Go through the entries, filter for the word "фото", and copy every line that has it.
• • • • • • •
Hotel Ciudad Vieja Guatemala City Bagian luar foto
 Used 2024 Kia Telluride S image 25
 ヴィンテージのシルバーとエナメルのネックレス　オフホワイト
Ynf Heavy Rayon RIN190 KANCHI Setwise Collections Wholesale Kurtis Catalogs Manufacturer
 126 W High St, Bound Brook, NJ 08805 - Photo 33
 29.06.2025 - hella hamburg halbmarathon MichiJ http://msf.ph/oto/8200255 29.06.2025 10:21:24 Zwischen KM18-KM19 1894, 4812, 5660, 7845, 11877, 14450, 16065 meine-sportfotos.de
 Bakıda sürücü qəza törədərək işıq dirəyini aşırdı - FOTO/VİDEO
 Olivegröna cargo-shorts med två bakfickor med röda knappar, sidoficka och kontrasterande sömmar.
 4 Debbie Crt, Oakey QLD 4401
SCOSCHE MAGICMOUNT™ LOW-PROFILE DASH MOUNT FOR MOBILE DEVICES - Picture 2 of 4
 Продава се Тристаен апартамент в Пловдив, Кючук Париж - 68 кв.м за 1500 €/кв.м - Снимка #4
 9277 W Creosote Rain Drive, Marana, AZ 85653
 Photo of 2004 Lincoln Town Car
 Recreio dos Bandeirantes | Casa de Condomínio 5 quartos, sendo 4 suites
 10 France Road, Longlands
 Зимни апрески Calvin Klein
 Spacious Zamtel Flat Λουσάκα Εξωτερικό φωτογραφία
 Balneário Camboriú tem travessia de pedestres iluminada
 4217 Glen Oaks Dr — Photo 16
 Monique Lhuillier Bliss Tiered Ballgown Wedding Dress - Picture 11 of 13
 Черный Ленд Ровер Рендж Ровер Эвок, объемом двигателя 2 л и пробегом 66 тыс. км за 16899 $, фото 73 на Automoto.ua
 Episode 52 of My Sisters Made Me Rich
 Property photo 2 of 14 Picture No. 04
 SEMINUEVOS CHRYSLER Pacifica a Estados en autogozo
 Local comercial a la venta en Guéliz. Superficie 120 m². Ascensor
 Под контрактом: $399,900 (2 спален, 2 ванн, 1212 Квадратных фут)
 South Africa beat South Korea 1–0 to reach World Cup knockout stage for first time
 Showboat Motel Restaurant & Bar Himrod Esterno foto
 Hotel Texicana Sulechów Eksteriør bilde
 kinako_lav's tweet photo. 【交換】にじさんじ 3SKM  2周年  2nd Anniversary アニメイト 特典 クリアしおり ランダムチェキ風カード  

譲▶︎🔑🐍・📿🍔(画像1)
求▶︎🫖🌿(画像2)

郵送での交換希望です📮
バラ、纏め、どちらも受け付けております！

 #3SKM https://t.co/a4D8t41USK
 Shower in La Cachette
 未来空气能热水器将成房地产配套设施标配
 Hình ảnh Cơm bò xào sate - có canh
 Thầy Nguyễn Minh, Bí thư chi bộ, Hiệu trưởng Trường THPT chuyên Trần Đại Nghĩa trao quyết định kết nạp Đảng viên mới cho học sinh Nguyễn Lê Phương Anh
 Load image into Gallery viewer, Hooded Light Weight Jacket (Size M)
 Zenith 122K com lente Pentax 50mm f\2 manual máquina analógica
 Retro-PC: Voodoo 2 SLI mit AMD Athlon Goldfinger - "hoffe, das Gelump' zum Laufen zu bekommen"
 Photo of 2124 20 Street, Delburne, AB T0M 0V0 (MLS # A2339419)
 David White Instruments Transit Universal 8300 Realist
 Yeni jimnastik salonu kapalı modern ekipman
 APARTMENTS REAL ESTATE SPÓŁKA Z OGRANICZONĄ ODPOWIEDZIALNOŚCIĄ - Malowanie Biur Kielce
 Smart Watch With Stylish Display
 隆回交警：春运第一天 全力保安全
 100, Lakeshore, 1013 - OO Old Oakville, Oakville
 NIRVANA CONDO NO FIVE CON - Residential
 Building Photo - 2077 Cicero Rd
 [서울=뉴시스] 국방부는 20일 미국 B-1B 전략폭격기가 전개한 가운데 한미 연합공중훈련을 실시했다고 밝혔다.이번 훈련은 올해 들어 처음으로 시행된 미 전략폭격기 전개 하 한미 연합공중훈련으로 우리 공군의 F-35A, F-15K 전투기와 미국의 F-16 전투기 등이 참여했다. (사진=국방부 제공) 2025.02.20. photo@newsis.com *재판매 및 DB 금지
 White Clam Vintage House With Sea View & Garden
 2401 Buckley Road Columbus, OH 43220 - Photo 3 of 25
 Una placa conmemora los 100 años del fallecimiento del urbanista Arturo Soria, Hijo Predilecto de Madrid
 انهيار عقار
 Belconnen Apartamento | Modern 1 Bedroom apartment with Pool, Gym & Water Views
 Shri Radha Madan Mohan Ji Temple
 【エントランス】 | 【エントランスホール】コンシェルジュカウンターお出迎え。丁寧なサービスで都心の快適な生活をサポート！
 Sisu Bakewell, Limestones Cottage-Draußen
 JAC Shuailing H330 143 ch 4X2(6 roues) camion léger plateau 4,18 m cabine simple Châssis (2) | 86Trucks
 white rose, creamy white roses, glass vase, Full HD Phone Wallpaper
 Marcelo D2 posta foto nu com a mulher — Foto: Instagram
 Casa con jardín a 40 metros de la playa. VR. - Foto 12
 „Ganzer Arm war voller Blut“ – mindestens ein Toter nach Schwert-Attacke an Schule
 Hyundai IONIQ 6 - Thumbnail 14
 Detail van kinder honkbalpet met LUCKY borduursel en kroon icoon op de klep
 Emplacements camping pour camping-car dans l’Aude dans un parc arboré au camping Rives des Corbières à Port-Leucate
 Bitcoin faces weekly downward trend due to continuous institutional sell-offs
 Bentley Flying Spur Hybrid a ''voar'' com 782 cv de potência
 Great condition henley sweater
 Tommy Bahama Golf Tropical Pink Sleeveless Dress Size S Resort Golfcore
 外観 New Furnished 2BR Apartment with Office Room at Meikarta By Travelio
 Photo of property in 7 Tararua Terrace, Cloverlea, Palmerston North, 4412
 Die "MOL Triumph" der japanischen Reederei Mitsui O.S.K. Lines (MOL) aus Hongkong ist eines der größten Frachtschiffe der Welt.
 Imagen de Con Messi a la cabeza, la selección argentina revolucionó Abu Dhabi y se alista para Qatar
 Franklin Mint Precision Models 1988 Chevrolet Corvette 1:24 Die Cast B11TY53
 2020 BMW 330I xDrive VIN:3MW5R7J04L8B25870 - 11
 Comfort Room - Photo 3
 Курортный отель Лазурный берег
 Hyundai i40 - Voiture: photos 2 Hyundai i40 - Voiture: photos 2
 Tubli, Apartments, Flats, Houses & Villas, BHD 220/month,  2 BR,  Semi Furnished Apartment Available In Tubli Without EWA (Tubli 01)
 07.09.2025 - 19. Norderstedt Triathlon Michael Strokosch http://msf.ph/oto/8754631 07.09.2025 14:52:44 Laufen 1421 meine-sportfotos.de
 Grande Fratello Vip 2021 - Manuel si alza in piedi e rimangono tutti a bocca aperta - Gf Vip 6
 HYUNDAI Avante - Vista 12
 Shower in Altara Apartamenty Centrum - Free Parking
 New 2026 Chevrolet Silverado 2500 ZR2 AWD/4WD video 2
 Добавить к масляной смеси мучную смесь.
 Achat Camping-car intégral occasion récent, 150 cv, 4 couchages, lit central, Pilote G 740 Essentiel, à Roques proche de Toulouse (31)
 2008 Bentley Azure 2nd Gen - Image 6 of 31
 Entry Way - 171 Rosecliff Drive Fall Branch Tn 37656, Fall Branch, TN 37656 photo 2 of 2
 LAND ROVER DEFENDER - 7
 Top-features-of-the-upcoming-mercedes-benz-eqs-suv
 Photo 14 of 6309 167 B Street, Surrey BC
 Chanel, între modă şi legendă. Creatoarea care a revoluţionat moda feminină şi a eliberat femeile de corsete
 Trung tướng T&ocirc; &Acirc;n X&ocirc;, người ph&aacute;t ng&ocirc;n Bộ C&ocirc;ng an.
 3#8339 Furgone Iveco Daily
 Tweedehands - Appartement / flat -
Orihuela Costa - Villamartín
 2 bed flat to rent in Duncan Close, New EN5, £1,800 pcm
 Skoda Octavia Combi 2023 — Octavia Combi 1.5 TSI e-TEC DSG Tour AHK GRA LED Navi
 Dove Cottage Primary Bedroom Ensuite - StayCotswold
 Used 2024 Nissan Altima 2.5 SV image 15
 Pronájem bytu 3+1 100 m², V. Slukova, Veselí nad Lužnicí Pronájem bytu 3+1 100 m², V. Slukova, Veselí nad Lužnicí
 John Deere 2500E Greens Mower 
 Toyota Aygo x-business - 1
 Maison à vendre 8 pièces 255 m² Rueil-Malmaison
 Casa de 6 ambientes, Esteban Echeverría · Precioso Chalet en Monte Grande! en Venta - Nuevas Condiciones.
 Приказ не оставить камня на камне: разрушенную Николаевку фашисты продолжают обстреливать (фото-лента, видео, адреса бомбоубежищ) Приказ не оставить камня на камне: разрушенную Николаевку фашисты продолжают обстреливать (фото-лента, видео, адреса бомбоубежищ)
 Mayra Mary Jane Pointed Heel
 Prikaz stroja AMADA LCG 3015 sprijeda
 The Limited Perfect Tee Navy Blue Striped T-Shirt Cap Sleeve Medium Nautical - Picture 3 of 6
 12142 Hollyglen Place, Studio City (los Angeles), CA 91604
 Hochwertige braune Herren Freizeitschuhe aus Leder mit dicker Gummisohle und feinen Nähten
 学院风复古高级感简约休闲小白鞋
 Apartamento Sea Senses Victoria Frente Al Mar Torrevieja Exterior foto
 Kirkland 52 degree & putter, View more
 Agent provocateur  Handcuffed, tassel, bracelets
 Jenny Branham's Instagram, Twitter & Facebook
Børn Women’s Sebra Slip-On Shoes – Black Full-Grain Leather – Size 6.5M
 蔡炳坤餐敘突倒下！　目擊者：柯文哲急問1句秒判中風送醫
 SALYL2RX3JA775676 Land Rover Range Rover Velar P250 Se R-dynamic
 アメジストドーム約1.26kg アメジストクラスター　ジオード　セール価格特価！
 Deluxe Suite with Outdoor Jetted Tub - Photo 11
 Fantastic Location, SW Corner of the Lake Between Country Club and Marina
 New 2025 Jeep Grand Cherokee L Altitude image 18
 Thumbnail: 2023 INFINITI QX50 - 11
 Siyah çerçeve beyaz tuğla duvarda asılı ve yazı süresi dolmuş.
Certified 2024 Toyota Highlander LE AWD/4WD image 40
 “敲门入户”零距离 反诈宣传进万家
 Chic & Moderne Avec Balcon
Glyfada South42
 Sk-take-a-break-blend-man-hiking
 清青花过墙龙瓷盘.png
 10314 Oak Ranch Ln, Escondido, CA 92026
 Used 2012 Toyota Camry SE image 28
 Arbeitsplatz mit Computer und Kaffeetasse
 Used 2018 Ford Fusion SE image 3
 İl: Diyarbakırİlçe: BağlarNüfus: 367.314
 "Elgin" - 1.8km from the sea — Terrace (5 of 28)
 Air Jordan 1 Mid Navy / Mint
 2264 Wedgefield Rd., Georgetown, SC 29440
• • • • • • •
● **Answer section**
 Черный Ленд Ровер Рендж Ровер Эвок, объемом двигателя 2 л и пробегом 66 тыс. км за 16899 $, фото 73 на Automoto.ua
 Приказ не оставить камня на камне: разрушенную Николаевку фашисты продолжают обстреливать (фото-лента, видео, адреса бомбоубежищ) Приказ не оставить камня на камне: разрушенную Николаевку фашисты продолжают обстреливать (фото-лента, видео, адреса бомбоубежищ)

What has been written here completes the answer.